Trieste, parte dall’Ogs la “caccia” alle specie aliene sulle navi

TRIESTE. Le ultime scoperte sono due specie aliene di microalghe tossiche che rischiano di mandare gambe all'aria le coltivazioni di mitili nel Golfo di Trieste. Ma anche un bivalve e un polichete che non sono di queste zone, sono stati individuati nelle acque di zavorra di una nave all'ormeggio nel porto di Trieste. Il caso degli esemplari di Granchio blu recentemente individuati nei fondali di Grado (ma la letteratura scientifica riporta una segnalazione a Grado già nel 1949), ha fatto tonare alla ribalta la questione delle invasioni nei nostri mari da parte di specie aliene. Ma non tutti sanno che a dare la caccia a questi “alieni” - e non da oggi - è l’Ogs di Trieste, con un team di esperti capeggiati dalla ricercatrice Marina Cabrini.
In settembre, dopo aver campionato le navi nei porti di Trieste e Venezia, il team Ogs è sbarcato ad Ancona, dove ha effettuato campionamenti delle acque di zavorra in alcune navi ormeggiate nel porto. Perché ormai ci sono pochi dubbi: la gran parte delle specie marine aliene, soprattutto le più pericolose per il nostro mare, arrivano trasportate dalle acque di zavorra delle navi. È per questo che è nato Balmas (Ballast Water Management System for Adriatic Sea Protection), un progetto europeo che prevede il monitoraggio dei porti e il campionamento delle acque di zavorra nei dodici principali porti dell'Adriatico della costa occidentale e orientale, avviato nel 2013 e che finirà nel 2016.

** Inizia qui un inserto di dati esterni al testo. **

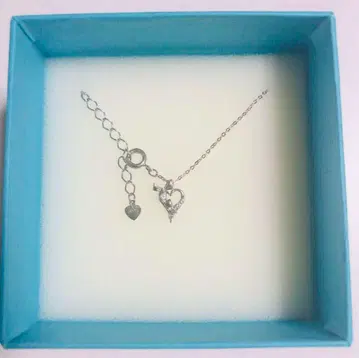 디즈니 원더랜드 앨리스 실버 목걸이 수량 한정 콜라보 상품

A coordinare la campagna di campionamento delle acque di zavorra a bordi delle navi nei porti di Trieste, Venezia, Ancona e Bari è appunto Marina Cabrini di Ogs, l'Istituto Nazionale di Oceanografia e Geofisica Sperimentale, in collaborazione con Ispra e Ismara-Cnr. «Obiettivo principale del progetto Balmas - spiega la biologa - è la creazione di un sistema comune di controllo e di gestione dei porti e delle acque di zavorra che coinvolga ricercatori, esperti e autorità dei paesi che si affacciano sul mare Adriatico, al fine di monitorare la situazione attuale e tenere sotto controllo i rischi causati dal trasferimento di organismi acquatici nocivi e di batteri patogeni. Le acque di zavorra costituiscono infatti uno dei principali veicoli per il trasporto e l'introduzione di specie alloctone: per esigenze di stabilità e manovrabilità, le navi che viaggiano a vuoto caricano in apposite cisterne una certa quantità di acqua, usata come zavorra, che è poi riversata in porto al momento del carico delle merci». È così che le specie “aliene” riescono a superare gli ostacoli naturali e giungere in habitat diversi da quelli di origine, dove possono causare danni anche molto seri. Si calcola - conclude Cabrini - che ogni anno nel mondo le navi scarichino nel complesso 3-5 miliardi di tonnellate di acque di zavorra, di queste 10 milioni sono scaricate nei porti dell'Adriatico».
Un problema che, a lungo sottovalutato, è stato documentato solo a partire dagli anni ’90 del secolo scorso. Nel 2004, per iniziativa dell’Organizzazione Marittima Internazionale (Imo), l'agenzia dell’Onu competente in materia, è stata approvata la Convenzione internazionale per il controllo e la gestione delle acque di zavorra, ad oggi ratificata da 30 Stati (tra i quali l'Italia ancora non figura) ma la strada da percorrere sembra ancora in salita. «L'impatto delle specie alloctone - dice ancora Cabrini - si fa particolarmente sentire nell'ecosistema Adriatico, dove la particolare conformazione geografica e l'elevato traffico marittimo rappresentano importanti fattori di vulnerabilità».